Roscosmos said Oleg Kononenko broke the record at 08:30 GMT with more than 878 days in space. Kononenko is expected to reach 1,000 days in space on June 5 and reach 1,110 days by the end of September.
Cosmonaut Oleg Kononenko on a bus shortly before departure to the launch pad at the Baikonur Cosmodrome, Kazakhstan on September 15, 2023. Photo: Reuters
"I flew into space to do what I love, not to set records," cosmonaut Kononenko told TASS news agency in an interview from the International Space Station (ISS), which orbits Earth at an altitude of 423 km.
"I am proud of all my achievements, but what makes me prouder is that the record for the total time spent by humans in space is still held by a Russian cosmonaut," said Mr. Kononenko.
Roscosmos said the 59-year-old had surpassed the old record set by compatriot Gennady Padalka before his retirement in 2017, who had accumulated a total of 878 days, 11 hours, 29 minutes and 48 seconds in space.
Cosmonaut Kononenko said he regularly exercises to counteract the physical effects of the vacuum environment. In space, he did not feel deprived or isolated, but he said: "Only when I returned home did I realize that I had been absent for hundreds of days, and that my children had grown up without a father.
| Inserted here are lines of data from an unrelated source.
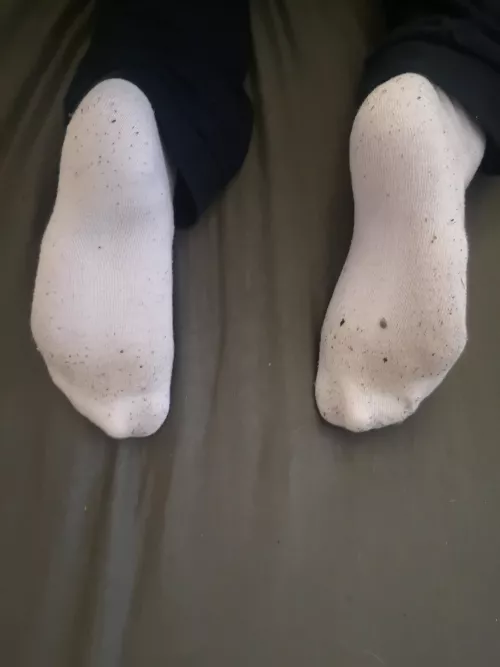 Day 1 done by Slow-Refrigerator664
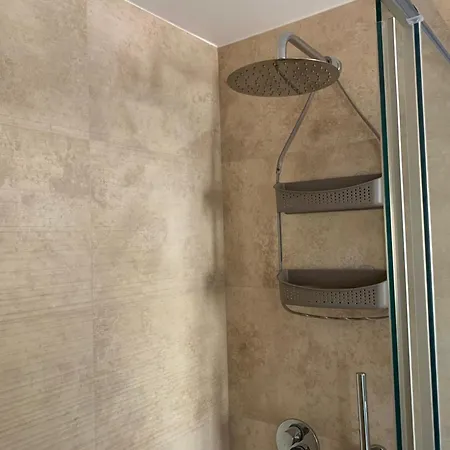 Casa Prencipe 3* Mattinata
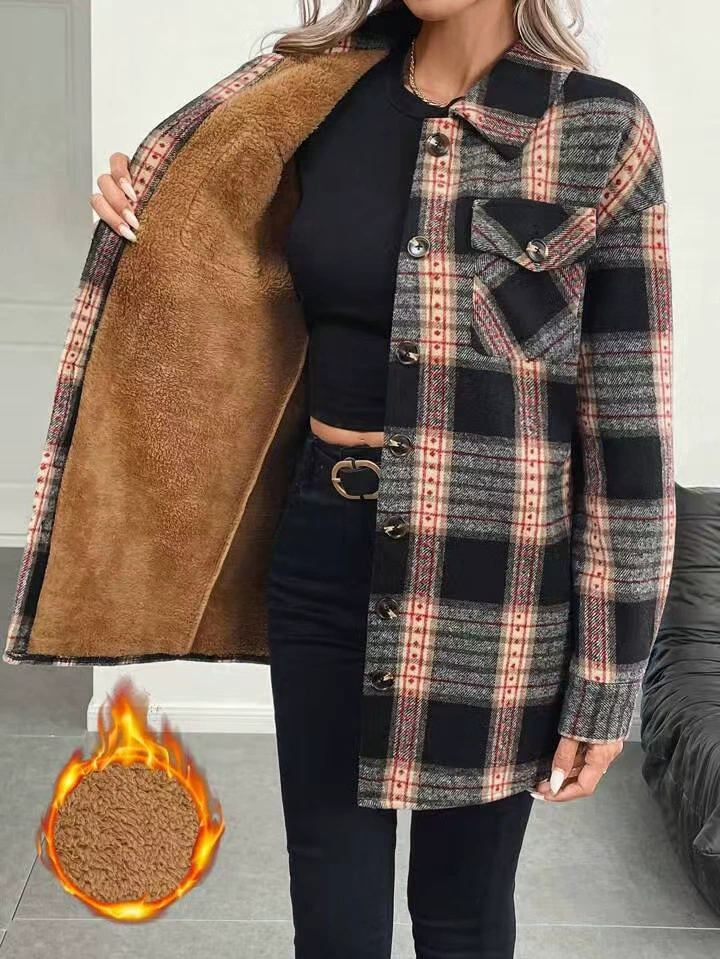 OW1232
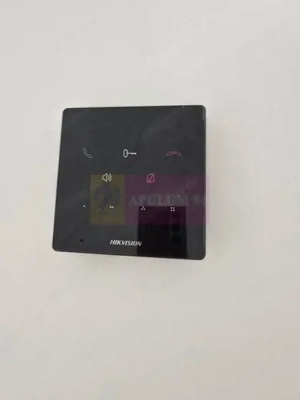 GARSONIERA/Finisaje premium/ Bloc nou - imagine 2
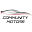 mycommunitymotors.com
No one will ever give me back that time."
Astronauts can now text and video call to stay in touch with loved ones, he said. But technological advances have made new spaceflights more complex, making it harder to prepare for each mission.
Kononenko dreamed of space travel since childhood. He enrolled in a technical institute before undergoing cosmonaut training. His first space flight was in 2008. His current flight to the ISS is scheduled to launch in 2023 on the Soyuz MS-24.
The ISS is one of the few international projects where the US and Russia have continued to cooperate closely since Russia launched a special military operation in Ukraine. In December 2023, Roscosmos said its astronaut exchange program with NASA to the ISS had been extended until 2025.
In the early years of the space race, the Soviet Union terrified the West by being the first to launch a satellite into Earth orbit in 1957, and then Soviet cosmonaut Yury Gagarin became the first human to travel into space in 1961.